The hermit smiled, and said, ‘Hold your hands, good sirs, for a single moment, and use your remaining strength to exchange places and look at the opposite side of the shield.’

They obeyed his words, and found to their confusion that they had been fighting in a quarrel in which each was right and each wrong.

‘Father,’ they said, ‘we are fools. Grant us thy pardon for our folly and absolution for our sin.’

‘Absolution,’ said the hermit, ‘is soon granted for faults which arise from the innate tendency of poor human nature. Wiser and older men than you are prone to see only their own side of a question. Come, then, with me to my humble hermitage; there will I dress your wounds and offer you my frugal fare; happy if from this lesson you may learn for the rest of your lives, before indulging in vehement assertions and proceeding to violent extremities, to “look at the other side of the shield.”’

The application of this fable to the polarity of politics will be obvious to every intelligent reader. As the earth is kept in its orbit by the due balance of centripetal and centrifugal forces, so is every civilised society held together by the opposite influences of conservative and progressive tendencies. The conservative tendency may be likened to the centripetal force which binds the mass together, while the progressive one resembles that centrifugal force which prevents it from being concentrated in a rigid and inert central body without life or motion. As Herbert Spencer truly says, ‘from antagonistic social tendencies there always results not a medium state, but a rhythm between opposite states. Now the one greatly preponderates, and presently, by reaction, there comes a preponderance of the other.’ So it is with the antagonism of conservative and liberal tendencies. In the societies of the ancient world, and to the present day in the East, the conservative tendency unduly preponderates, and they crystallise into inert masses in the form of despotisms, and of sacerdotal or administrative hierarchies. At times the pent-up forces which make for change accumulate, and, as in the French Revolution, explode with destructive violence, shattering the old and bringing in new eras. But unless the balance between liberty and order is tolerably preserved in the individual citizens whose aggregate forms the society, after a period more or less prolonged of violent oscillations they crystallise anew into fresh forms, in which another military dynasty, or it may be administrative centralisation under the name of a republic, again asserts the preponderance of the centripetal force.

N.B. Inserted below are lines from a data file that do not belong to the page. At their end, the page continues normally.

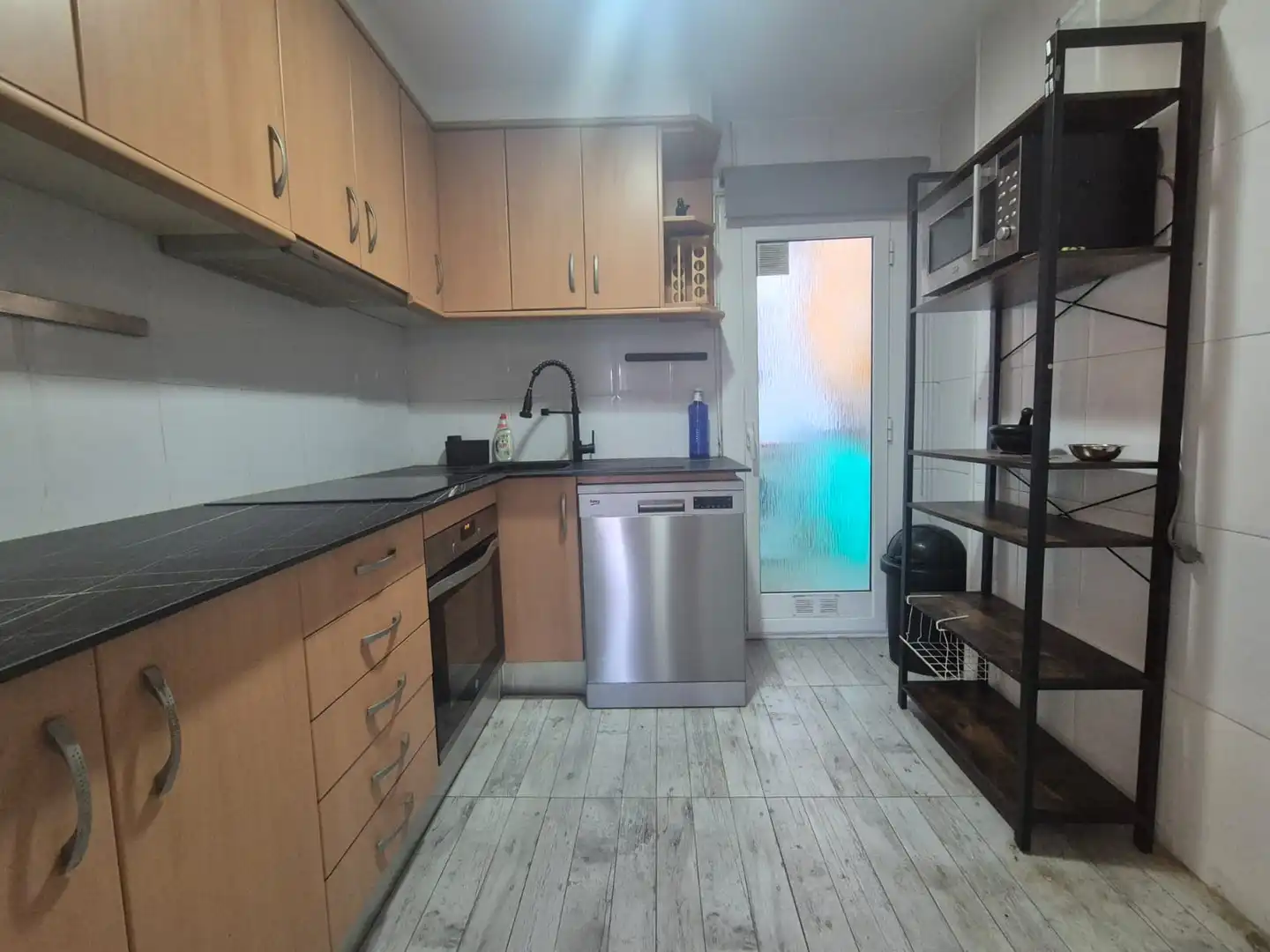 Cocina de Ático en venta en Santa Coloma de Gramenet con Aire acondicionado, Parquet y Terraza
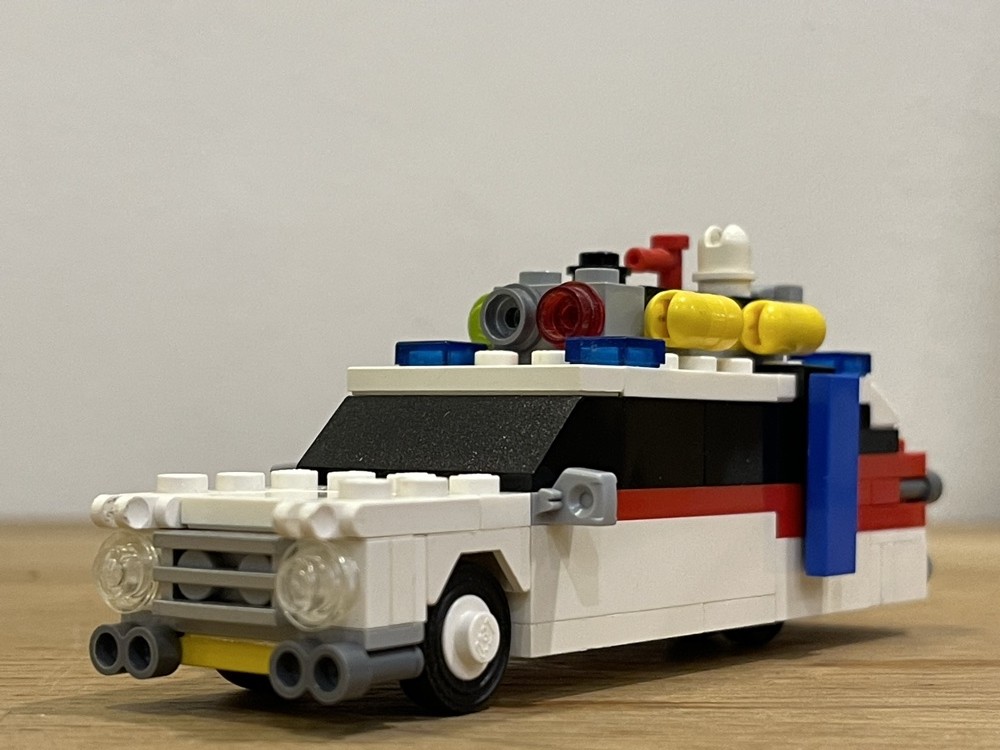 Lego ecto 1 mini-scale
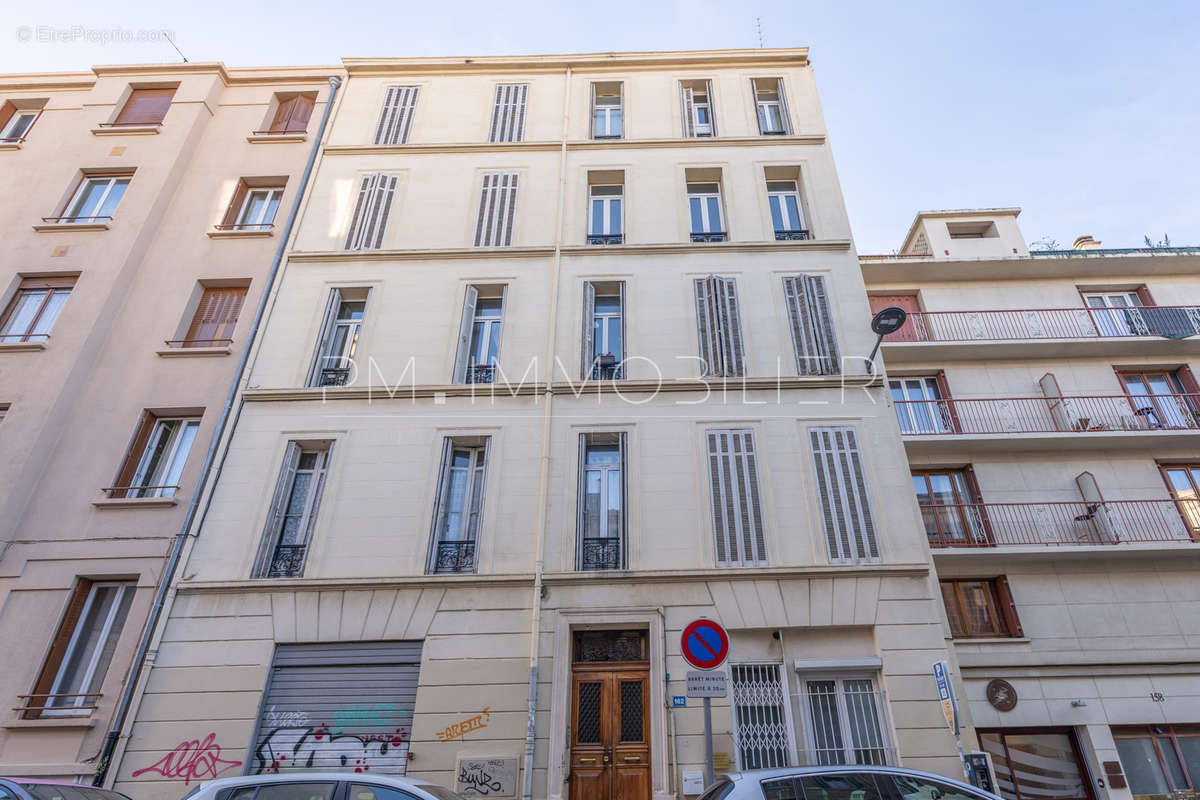 Appartement à MARSEILLE-5E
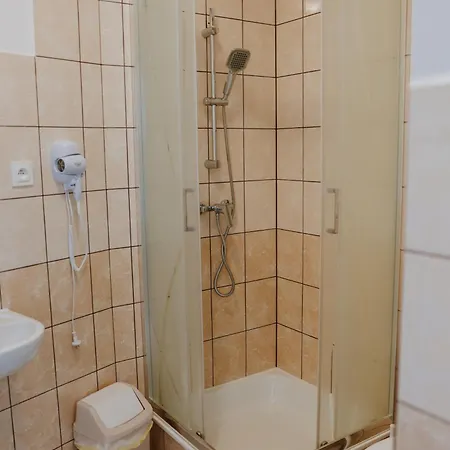 Dobre Chwile בית אירוח *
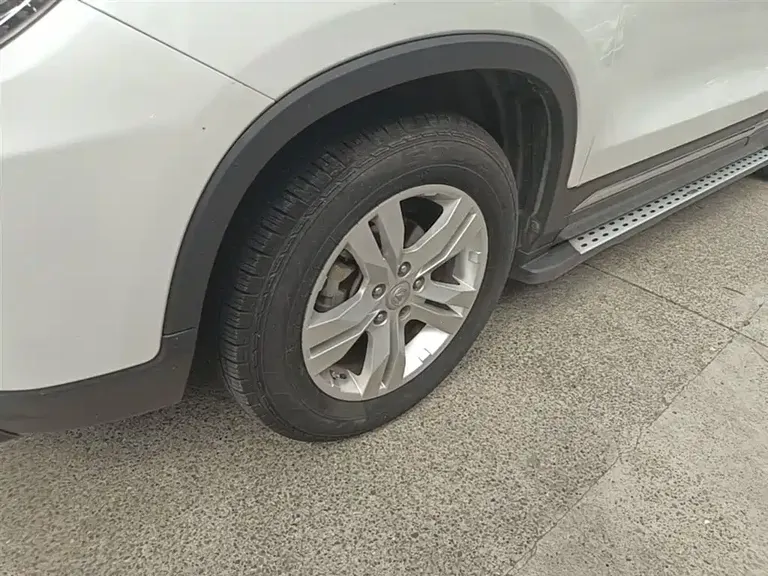 Changan CS75 2.0 L Manual Leading CN-IV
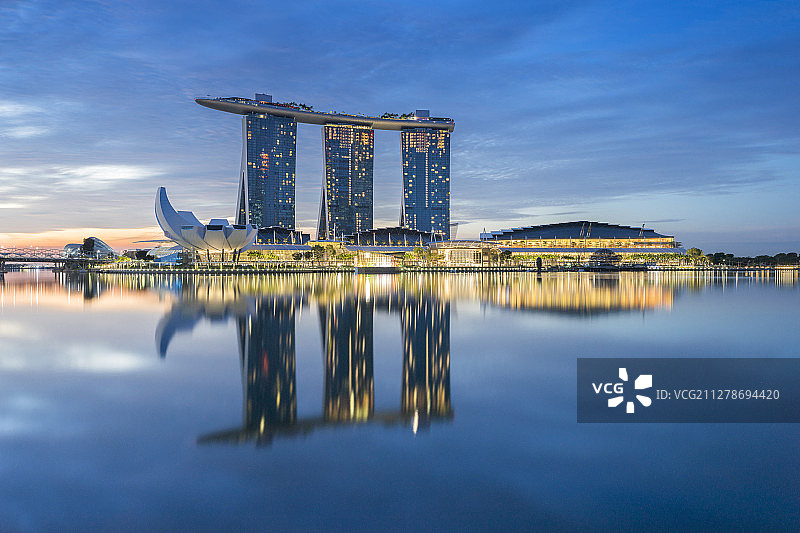 日出时灯光璀璨的新加坡金沙酒店图片素材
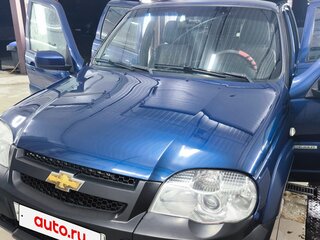 2018 Chevrolet Niva I Рестайлинг, синий, 670000 рублей, вид 1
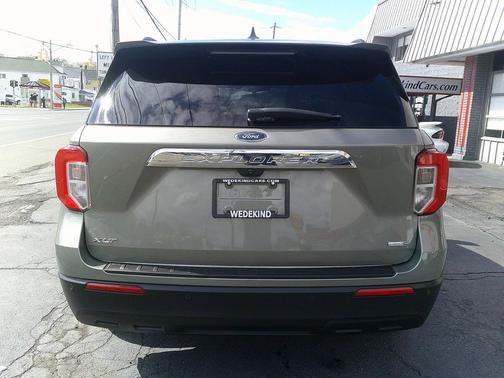 Silver Spruce Metallic 2020 Ford Explorer XLT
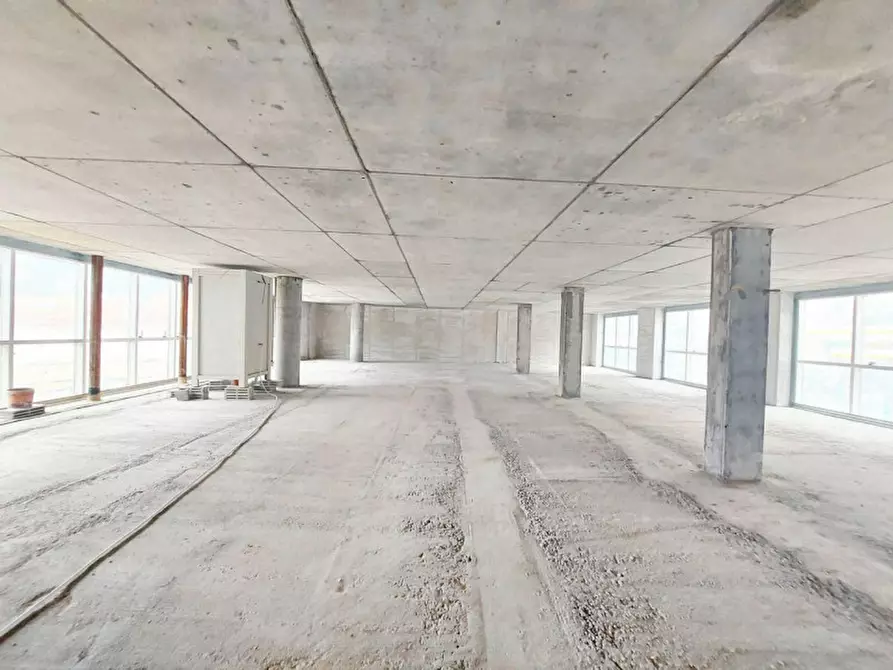 Immagine 12 di Attività commerciale in vendita  in Via XXV Aprile, N. 69 a Imperia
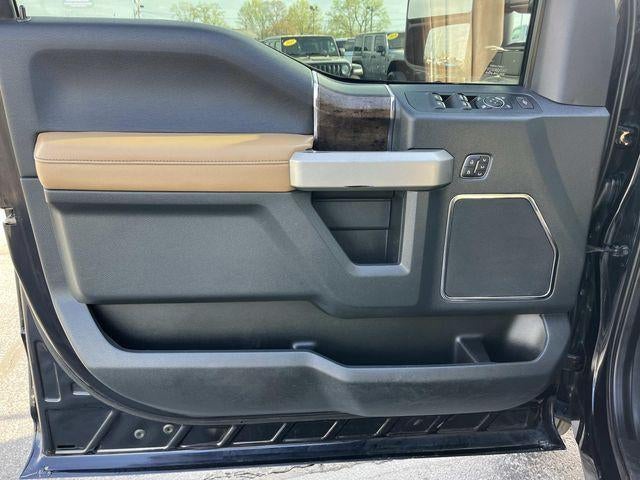 2022 Ford Super Duty F-350 DRW LARIAT 4WD Crew Cab 8' Box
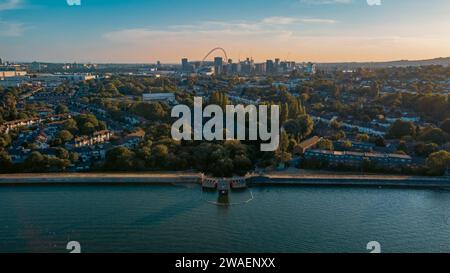 Ein Blick aus der Vogelperspektive auf das Brent Reservoir in London, England im Sommer Stockfoto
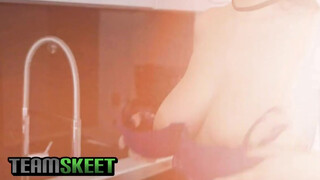 TeamSkeet - bögyös debella picsa és a pici faszi esete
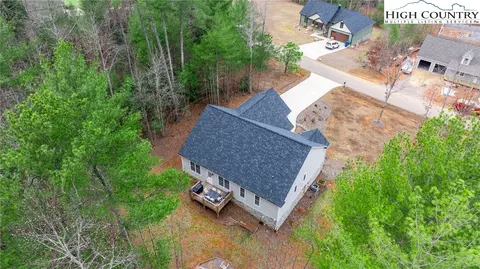 1715 Plantation Loop, Morganton, NC 28655 photo 3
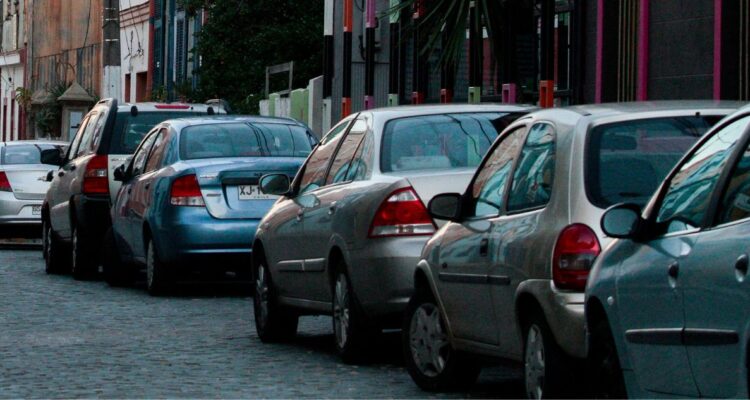 ¿Quiénes están detrás del proyecto que obliga grabar patentes en espejo y ventanas de vehículos?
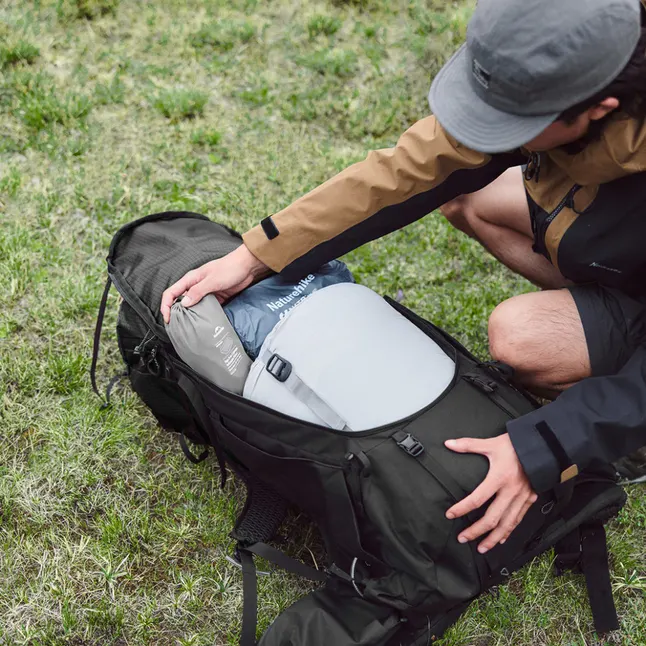 Рюкзак туристичний Naturehike Helium CNK2450XB014, 70 л, чорний, M — Photo 8
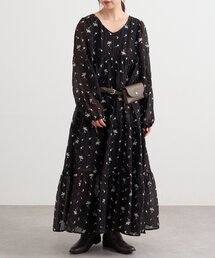 フラワー刺繍ティアードワンピース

The happiest nations are those in which the individual character of individual citizens supplies the requisite balance. An ideal society is one in which every citizen is at the same time liberal and conservative; law-abiding, and yet with a strong instinct for liberty of thought and action, for progress and for individual independence. It is among the Teutonic races, especially when they are placed in favourable conditions as in new countries, or in old countries where for ages

Freedom has widened slowly down,

From precedent to precedent,

that this happy ideal is most nearly realised. Hence it is that these races are more and more coming to the front and surviving in the struggle for existence.